The Creator might reply, “What you fail to understand is that for me to create a world inhabited by free moral agents involves the possibility of evil and great suffering, and it is the freedom of the human race that has produced the agony of the human race.”

“But,” Fry would surely protest, “bone cancer in children is surely not their fault. Natural disasters that wipe out thousands in a moment of time are surely not our fault.”

Or, to quote his exact words, “Yes the world is very splendid, but it also has in it insects whose whole life cycle is to burrow into the eyes of children and make them blind….”

In response, the Lord might say, “Doesn’t it seem contradictory to you that I could make such an incredible universe and world, filled with such beauty and splendor and majesty, with human beings standing as the pinnacle of my creation, crafted with precision and skill beyond all mortal calculation, and yet a world filled with those deadly insects you mentioned? Did you ever wonder about that?

“If only you had seen the world before what we call ‘the Fall.’ You would have been utterly stunned by its beauty and perfection. And if you could see the world to come, a world devoid of pain and heartache, a world devoid of plague and pestilence, a world devoid of murder and rape, a world of indescribable wonder and beauty, you would be astonished beyond words.

“It is human sin that has polluted this world and I am in the process of turning this terrible evil into something incredibly good. And although this completely transcends your understanding – remember that what you don’t know is infinitely greater than what you do know – it will be worth it all in the end.”

According to Fry, “The god who created this universe, if he created this universe, is quite clearly a maniac, an utter maniac, totally selfish. We have to spend our lives on our knees thanking him. What kind of god would do that?”

To this God might say, “Does anyone force you to look at beauty? Does anyone require you to appreciate good? I call on my creation to worship me to remind them of who I am and who they are – after all, it is my prerogative as Creator – but in doing so, as they gaze on me and recognize my holy qualities, they are raised up in character and attitude and faith, becoming more and more like me, coming into the fullness of my image in them.

“Whatever I do for my glory I also do for your good, if you only recognize who I am and humble yourself before me.”

Fry claimed that, “Atheism is not just about not believing that there is a God…. It’s perfectly apparent that he is monstrous. Utterly monstrous and deserves no respect whatsoever. The moment you banish him, life becomes simpler, purer, cleaner, more worth living in my opinion.”

To the contrary, as countless millions will attest, it is the moment you truly come to know him and experience him that life takes on real meaning. And we come to know him most fully through Jesus.

Perhaps God would have ended things on that note, saying, “What you have completely overlooked is that I am not some indifferent bystander.
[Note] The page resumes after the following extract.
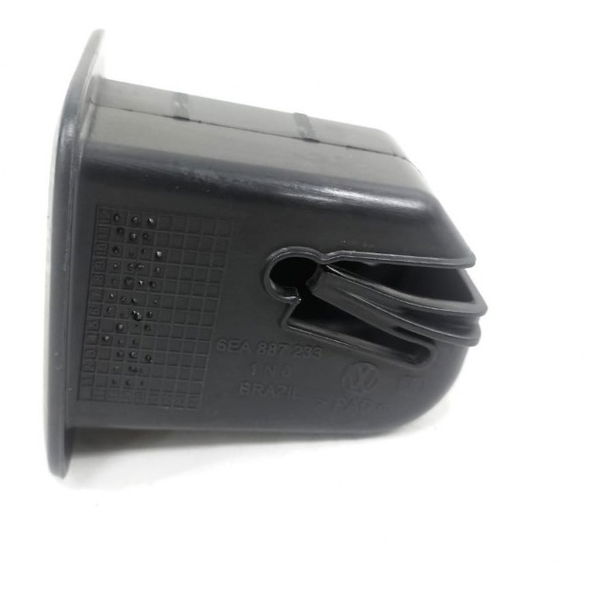 Tampa Capa Bateria Positivo Vw Nivus 2020.21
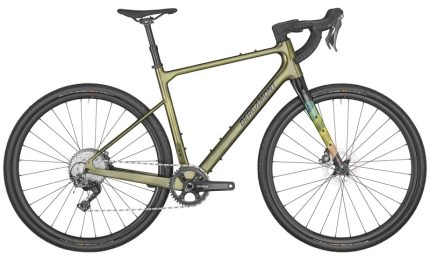 Bergamont GRANDURANCE ELITE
I get involved in the pain of my creation.

“In fact, through Jesus, I entered into this world and took the place of sinners and rebels and tyrants and scoundrels and mass murderers and every other foul expression of humanity, giving my Son as a payment for your transgressions so that you, along with every other person who has ever lived, might go free and might enjoy my blessing forever.

“Are you really going to reproach me, Stephen?”

A caller to my radio show suggested that at the root of atheism was a sense of divine betrayal, as if God had somehow let the person down in their moment of greatest need, after which they concluded that he must not be there at all.

As my friend Dr. Frank Turek often says, what many atheists really feel is, “There is no God, and I hate him.”

Perhaps this is what happened to Fry as well, or perhaps, as a homosexual, he felt excluded by the church and rejected by God.

Either way, I imagine in this encounter beyond the grave that the Lord might have pinpointed the root of Fry’s atheism, at which moment he might have dissolved in tears, for the first time seeing the love of the Father.

The good news is that Stephen Fry is yet living and breathing, and where there’s life, there’s hope.

Let’s lift up a prayer on his behalf.